Despite degrees of synovitis and tenosynovitis comparable with those in RA, PMR-related hand disease is associated with prominent extracapsular changes, suggesting that inflammation in these tissues is more prominent than joint synovitis, which is common in both conditions. This suggests that the anatomic basis for joint disease localization differs between RA and PMR.

摘要

目的

人们对风湿性多肌痛(PMR)关节疾病定位的解剖学基础了解甚少。

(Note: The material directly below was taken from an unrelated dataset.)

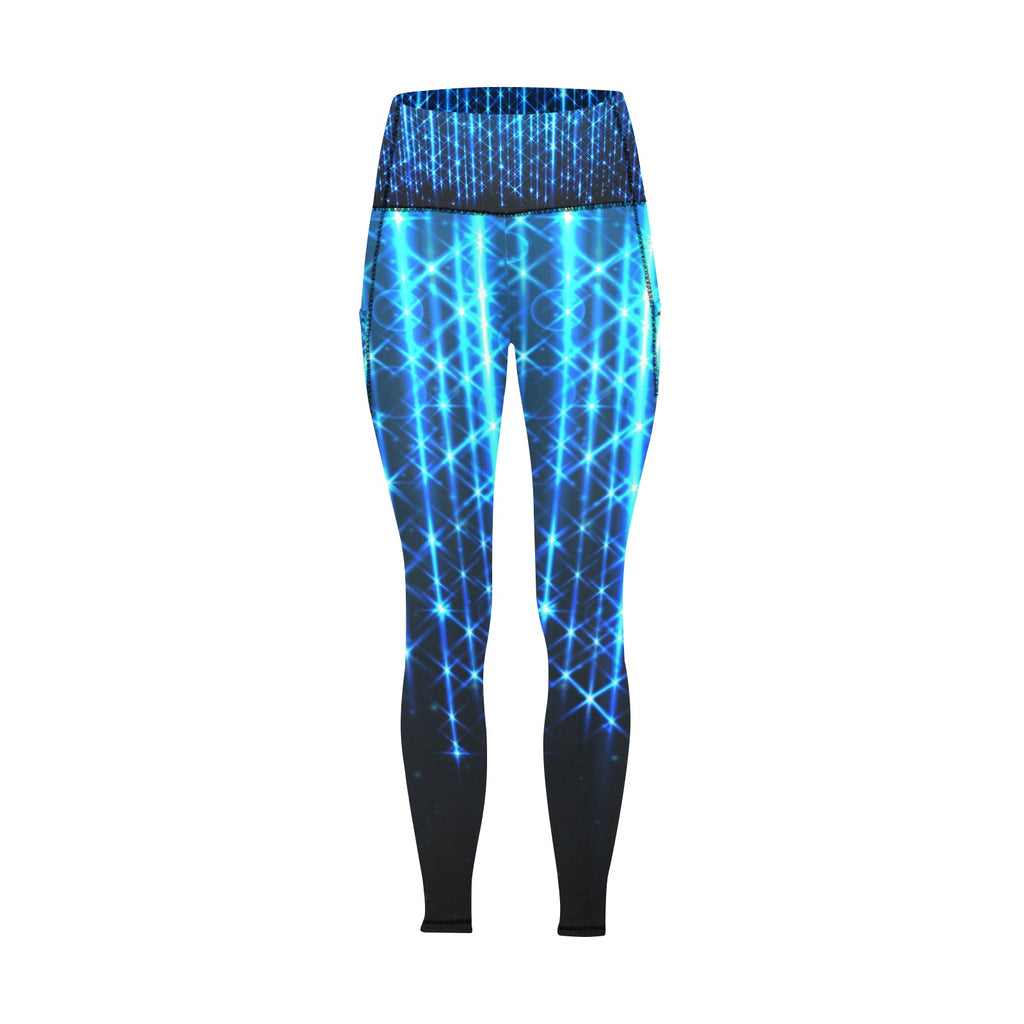 Women's  Bright Neon Stripes of  Print High Waist Leggings with Pockets (ModelL56)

本研究采用对比增强和脂肪抑制磁共振成像(MRI)来评估PMR和早期类风湿关节炎(RA)中滑膜和关节囊外炎症之间的关系。

方法

10例新发PMR患者和10例早期RA患者接受了患侧掌指(MCP)关节的动态对比增强MRI和传统MRI检查。基于钆双乙三胺五乙酸(Gd-DTPA)增强体素数量、初始增强率和最大增强程度计算滑膜炎和腱鞘炎。根据OMERACT(风湿病临床试验结果测量)评分系统对两组关节周围骨侵蚀和骨水肿进行评分。在两种情况下,均使用半定量评分评估关节囊外Gd-DTPA增强程度。

结果

RA和PMR关节在滑膜炎体积(P = 0.294)、屈肌腱鞘炎程度(P = 0.532)、关节周围侵蚀(P = 0.579)或骨水肿程度(P = 0.143)方面均无显著差异。然而,尽管滑膜炎程度相当,但PMR组显示关节囊外增强的MCP关节比例(100%)高于RA组(50%)(P = 0.030)。1例PMR患者在关节囊附着处出现骨水肿,而RA患者均未出现。

结论

尽管PMR的滑膜炎和腱鞘炎程度与RA相当,但PMR相关的手部疾病与明显的关节囊外改变有关,这表明这些组织中的炎症比两种疾病中常见的关节滑膜炎更突出。这表明RA和PMR之间关节疾病定位的解剖学基础不同。